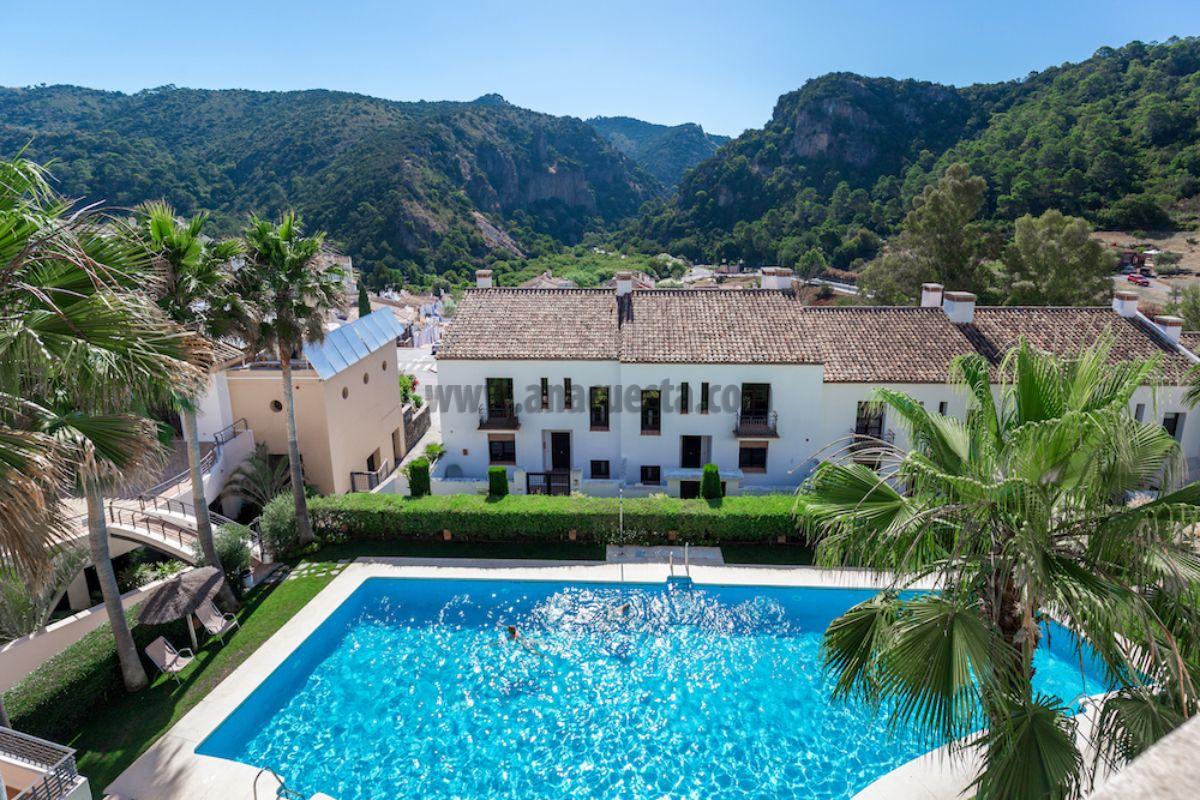 For sale of house in Benahavís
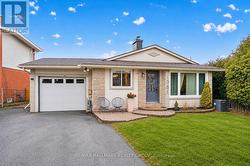 1081 FOLEY AVENUE  Ottawa, ON K1G 2R4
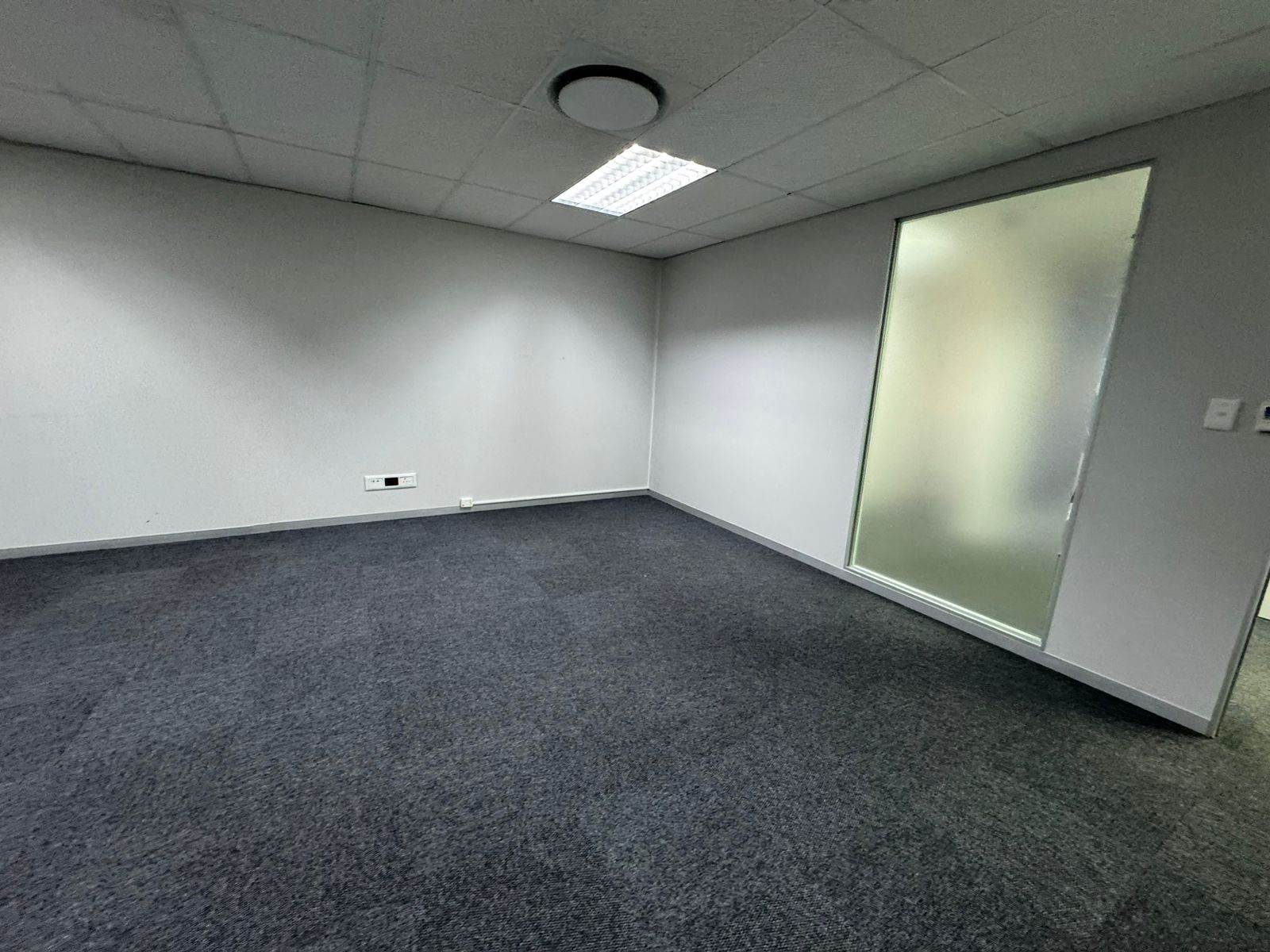 70  m² Commercial space in Sandown photo number 24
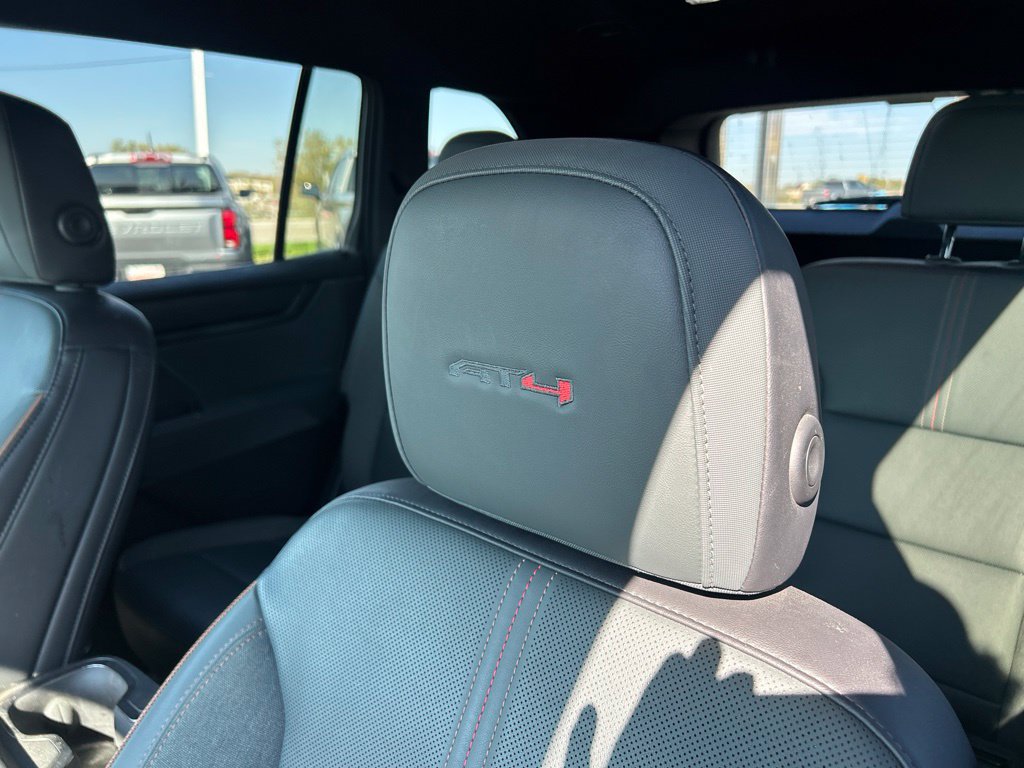 Used 2024 GMC Acadia AT4 w/ Super Cruise Package AWD/4WD image 18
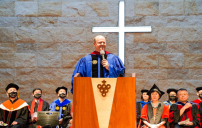 戴繼宗牧師接任華神院長 勉畢業生緊連主牧群羊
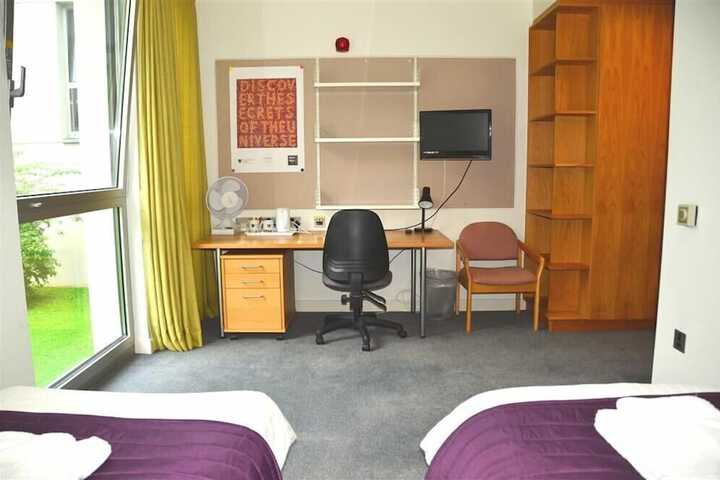 Room 8 of 32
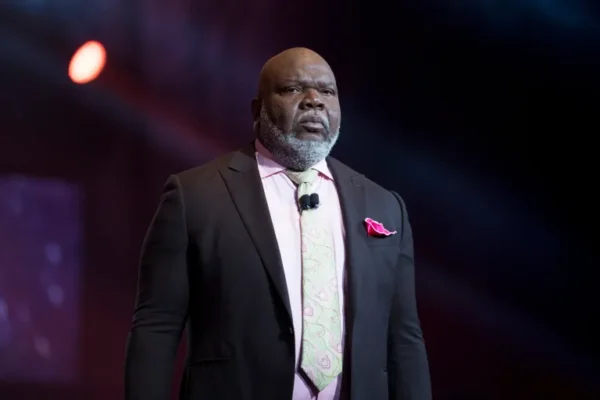 Bishop T.D. Jakes Announces He Is Stepping Down as Lead Pastor of The Potter’s House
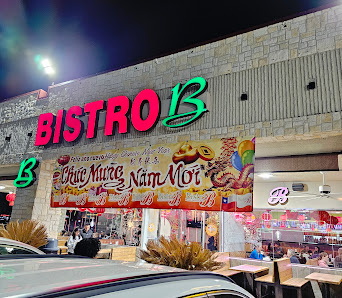 Walnut Street Mall photo 1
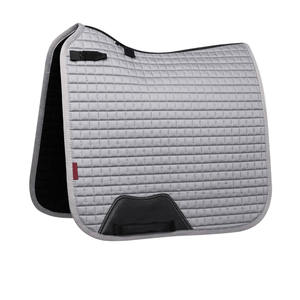 Almohadilla de Montar a Caballo de Alta Calidad con Logotipo Bordado Personalizado, Almohadilla de Salto Inglesa para Caballo, Venta al por Mayor - Product Image 1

● ● ● ● ● ● ●

* [YOUR TASK]
Only the lines from the one with "Room 8 of 32" through the last line above belong in the answer. Reproduce them exactly, without the pictures.

* [RESULT OF THIS TASK]
 Room 8 of 32
 Bishop T.D. Jakes Announces He Is Stepping Down as Lead Pastor of The Potter’s House
 Walnut Street Mall photo 1
 Almohadilla de Montar a Caballo de Alta Calidad con Logotipo Bordado Personalizado, Almohadilla de Salto Inglesa para Caballo, Venta al por Mayor - Product Image 1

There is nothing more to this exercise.